I got a(1/2)^5 as the amount for the substance to reach 1/32

Answer 3

after 0 days 1/1th
after 20 days 1/2
after 40 days 1/4
etc

Answer 4

So that is 20*(1/2)^n

To get the rate of decay you have to derive the function and then use the answer of question B)i) and enter it in the derivative function

Answer 5

I got 5a/16

Answer 6

\[-5\log(2) \times 2^{2-n}\]

Answer 7

which rule did you apply there?

Answer 8

hey jdoe

Answer 9

Really struggling with this question :/

Answer 10

for b.i. my answer is 100 years

Answer 11

but i fugred that out because (1/2)^x=(1/32)

Answer 12

and x=5 multipled by half life of 20

Answer 13

hey agent smith

Answer 14

Did you get the equation for the rate of decay first? You'll prob need it for part b ii

Answer 15

no i didnt

Answer 16

i figured it would be a(1/2)^n/20

Answer 17

but im kinda stumped now i have been looking at this question for over an hour

Answer 18

\[\Large A = A_o e^{-kx}\] You should be using an equation something like this. k is your rate of decay.

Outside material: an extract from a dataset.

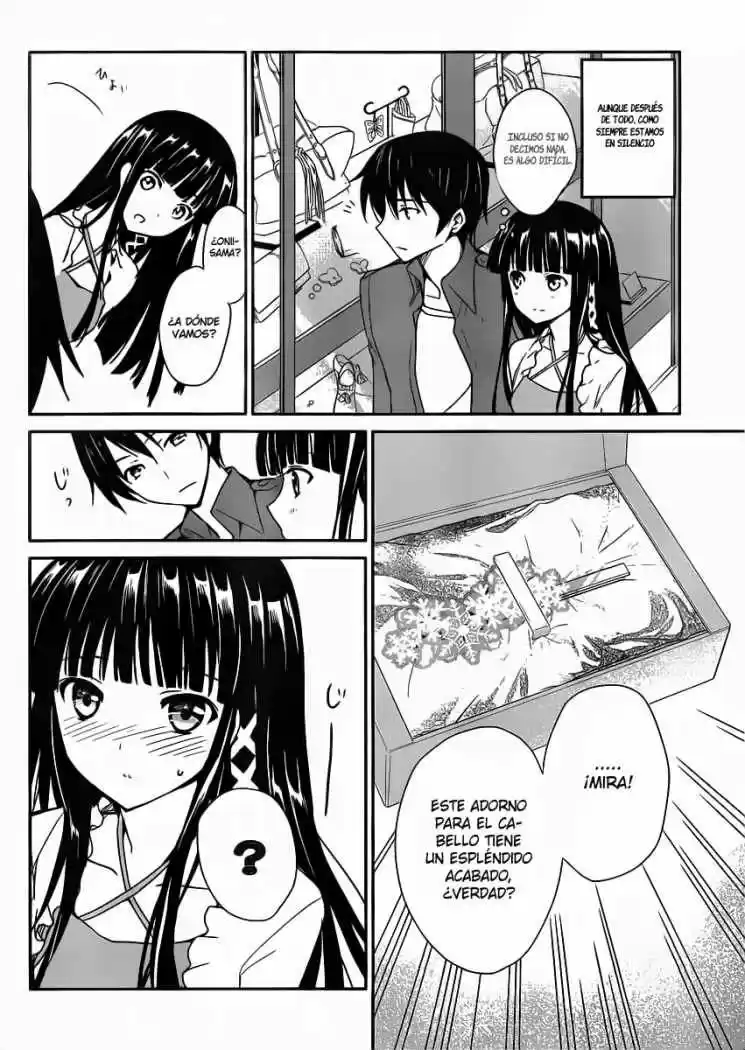 Mahouka Koukou No Yuutousei - Capítulo 1 - Página 11 - LectorTMOo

After 20 days (ie x=20), A is equal to 0.5Ao, so plug those in and find k.

Answer 19

In our book it says A=A(initial amount)^(t/(half life rate))

Answer 20

Oh i think i was thinking of exponential decay. \[\Large A = A_o ^{t/20}\] find the derivative of this function then

Answer 21

actually it should probably be\[\Large A = A_o ^{t/r}\] where r is the half life rate, which you find with the 20 days.

Answer 22

so i get a(1/2)^5

Answer 23

which becomes 5a/16

Answer 24

is this correct?

Answer 25

Are you sure this is the correct equation?
\[\huge A = A_o ^{\frac{ t }{ r }} \]

Answer 26

A(1/2)^100/20

Answer 27

And then i took a derivative of that

Answer 28

Is r actually the half-life of 20 days, or is it a half life rate?

Answer 29

half life rate is 20 days

Answer 30

i need the rate of decay at 100 days

Answer 31

Then you can't use half A., only 1/32 remains.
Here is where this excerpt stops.